Sheryl Kirby started her food-writing career in 1994, co-publishing a zine called Stained Pages with her husband, beer writer Greg Clow. For each issue, Kirby would stain individual copies with food and wine to turn them into original artworks.
The couple went on to found one of Toronto’s first food blogs, Taste T.O., review restaurants for various media, and self-publish Kitchen Party, a collection of stories and essays about Kirby’s life in food. They are also co-organizers of the Toronto Indie Arts Market.
Stained Pages has returned as a small press. Their second publication, Beer and Butter Tarts: A Canadian Literary Food Journal, features essays, short fiction, poetry, photography, and art that dig into the experience of cooking and eating.
Q&Q spoke to Kirby about Beer and Butter Tarts in advance of the launch party at Toronto’s Rhino Restaurant and Bar on Jan. 28, 7 p.m.

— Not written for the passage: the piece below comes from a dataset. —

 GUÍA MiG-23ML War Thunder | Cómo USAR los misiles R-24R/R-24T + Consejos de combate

How did you settle on the title? When we were running Taste T.O., we got really ambitious and thought we could do a Canadian website called Beer and Butter Tarts. We quickly realized we did not have time to do two things at that level. when Taste T.O. shut down we kept the name and the domain.
I really wanted to concentrate on long-form literary food writing as opposed to restaurant reviews. The title is a bit on the cutesy side, but I think it touches on where we are in Canadian food at the moment.

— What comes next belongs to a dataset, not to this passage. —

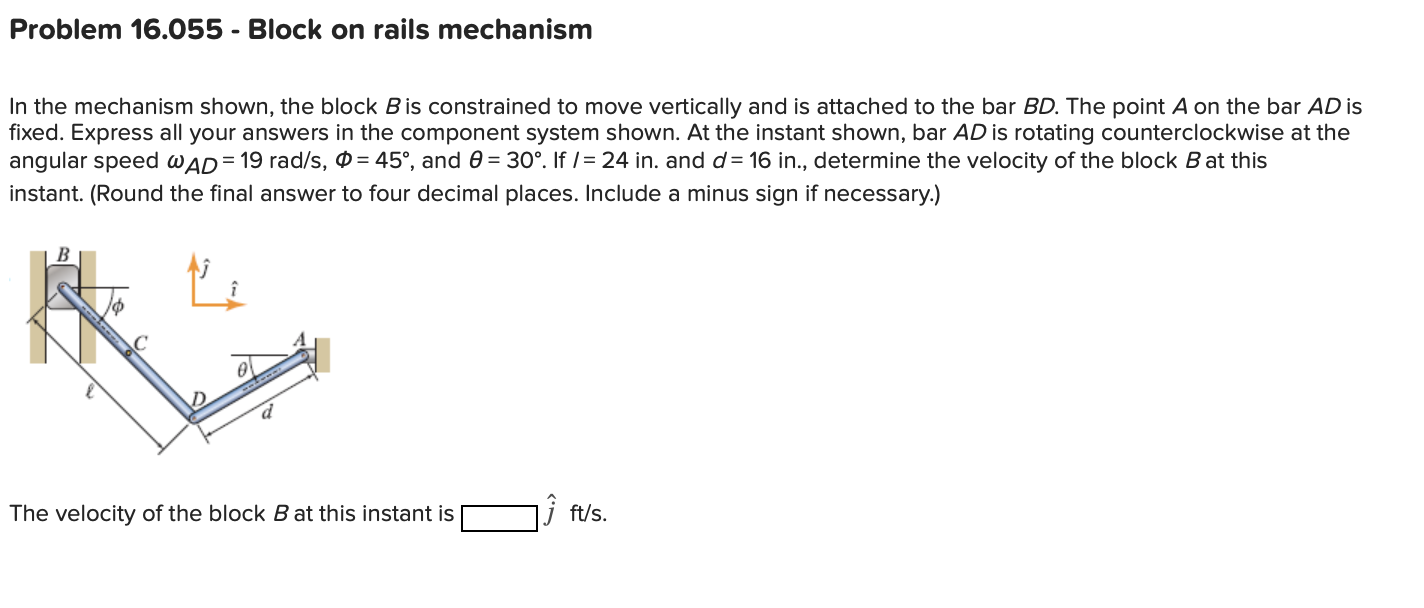 In The Mechanism Shown, The Block B Is Constrained To | Chegg.com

Where does the journal fit in today’s food scene? I look for the stories behind the food. Even when I was doing more mainstream daily food writing, I was much more interested in the stories than restaurant openings and closings. There are people who want those stories, who love reading essays and fiction, and who also love food.

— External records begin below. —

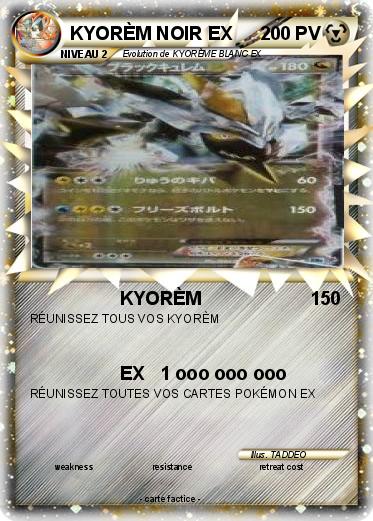 Pokemon KYORÈM NOIR EX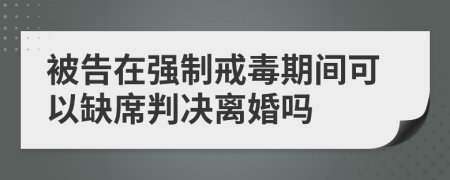 被告在强制戒毒期间可以缺席判决离婚吗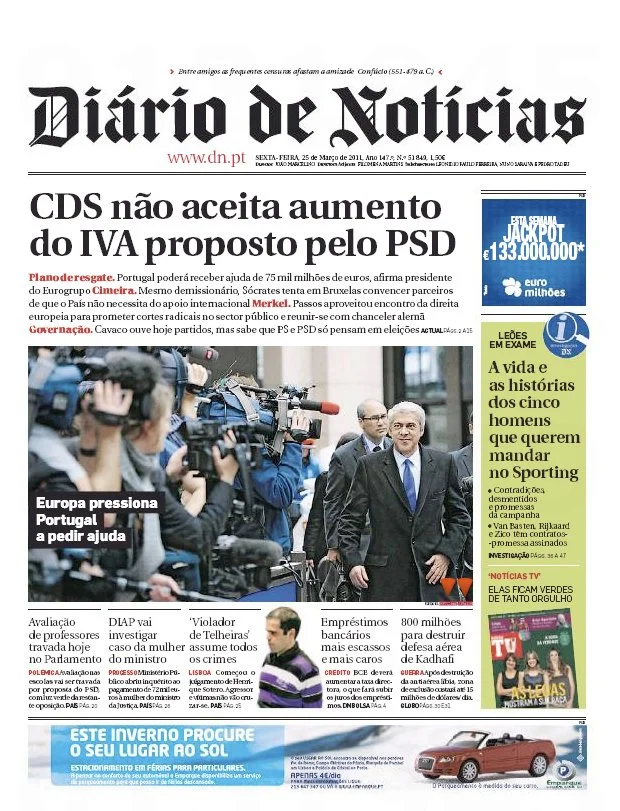 Diario de Noticias - Portugal Cover photo of Portugal's Prime Minister Jose Socrates on the 25th March 2011. Photo: Reuters - Ezequiel Scagnetti.JPG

How has the food press changed? There was a point when I was literally reading every food blog by Torontonians. In four or five years, it has gone from 10 or 15 to 200 food bloggers. I like to think it makes people who are being paid to write about food a little sharper, a little more professional, and care a little more about what they’re doing.
What kind of submissions are you looking for? In the first issue I’m running a debut piece by an author from Newfoundland. She submitted another piece for the second issue about her dad hunting moose and eating seal flippers. There’s a story in this issue about a Ukrainian family who have just moved to the Prairies. They bring perogies to a town picnic, and they’re embarrassed. But then a town councillor says they are the best he’s ever had, and that’s how they are accepted into the community.
That’s what I want. Stories about the Canadian food experience are vast because our country is vast and made up of people from every nation.
This interview has been edited and condensed.